Inhibition mode of the most active RR compounds
According to the location of the target binding site that was far away from the substrate binding site, RR compounds should impair the enzymatic function through a non-competitive inhibition mode. As expected, the kinetic mechanism describing the inhibitory activity for eight compounds (RR3, 4, 6, 8–11 and 20) was the non-competitive mode (Fig 5 and S1 Table). Nevertheless, for some compounds like RR2 and RR16, a mixed inhibition mode was determined, indicating that they may also bind to the substrate binding site or to the enzyme-substrate complex. The inhibition profile could not be determined for poorly water-soluble compounds like RR21. Also, the inhibition mechanism could not be defined unambiguously for compound RR18, for which the experimental data fitted well with both mixed and non-competitive equations. The most active non-competitive inhibitors were RR3 and RR6 with Ki values of 0.52 ± 0.20 μM and 0.68 ± 0.05 μM, respectively (Fig 5A and 5C). RR4 and RR20 were less potent than the previous ones but still able to induce a strong inhibition of CD73 activity and exhibited a Ki around 1.2 μM (Fig 5B and 5D). RR16 was deduced as a potent mixed inhibitor of CD73 with Ki and Ki’ values of 0.46 ± 0.10 and 1.70 ± 0.20 μM, respectively.

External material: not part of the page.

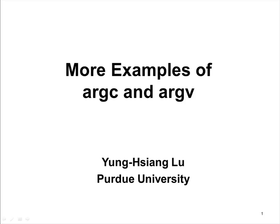This lecture gives another example using ARGC and ARGV. I will not repeat what has already been explained. Instead, I will focus on the new concepts only.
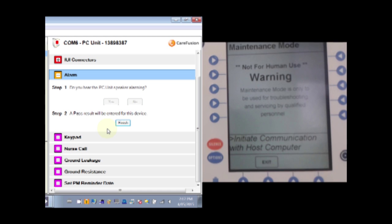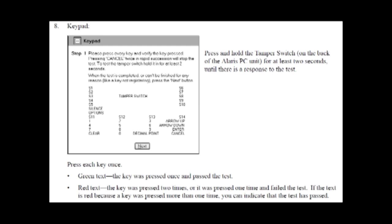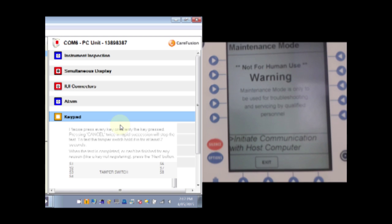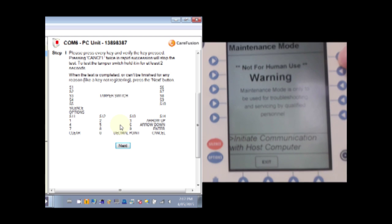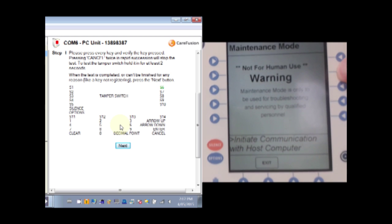Audible alarm. The keypad test is pretty straightforward. You just press each of the keys and the corresponding label goes green. If you double press a key it will turn red.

Structure-activity relationship studies
As shown in Fig 6A, selected hit compounds were predicted to bind entirely to the large targeted cavity and they were spanning at least three sub-parts of the cavity (Fig 6B). Focusing on the most active compounds (RR3, RR6 and RR16) all of them were deeply buried in the dimer interface and all three hits interact with one or two glutamate residues (E543). However, their binding modes were found to be slightly different. Indeed, for each compound the main interactions with amino acid residues were different, I455 and E543 with RR3 (Fig 6C), K471 Y484 and E543 (backbone oxygen from both residues from the two monomers) with RR6 (Fig 6D), D366, I455, H456, Y484 (both) and E543 (both) with RR16 (Fig 6E). In addition, a halogen bond is formed between V542 backbone oxygen and the chlorine atom of RR16. Interestingly, RR16 was connected to a huge number of amino acid residues in contrast to the other hits. The presence of two sulfone groups may explain this distinct binding. On the other hand, several hit compounds contained a stretched or more spanned chemical structure like RR11 or RR20 and were determined as weaker inhibitor than RR3. Consequently, a rigid structure may be unfavorable for a tight binding. In addition to its rigidity, RR11 exhibits a dimeric structure and binds to CD73 with a different orientation compared to RR3 even though it was found deeply inserted into the dimer interface (Figs 6F and 7C) and making two polar interactions with D366 and Y484.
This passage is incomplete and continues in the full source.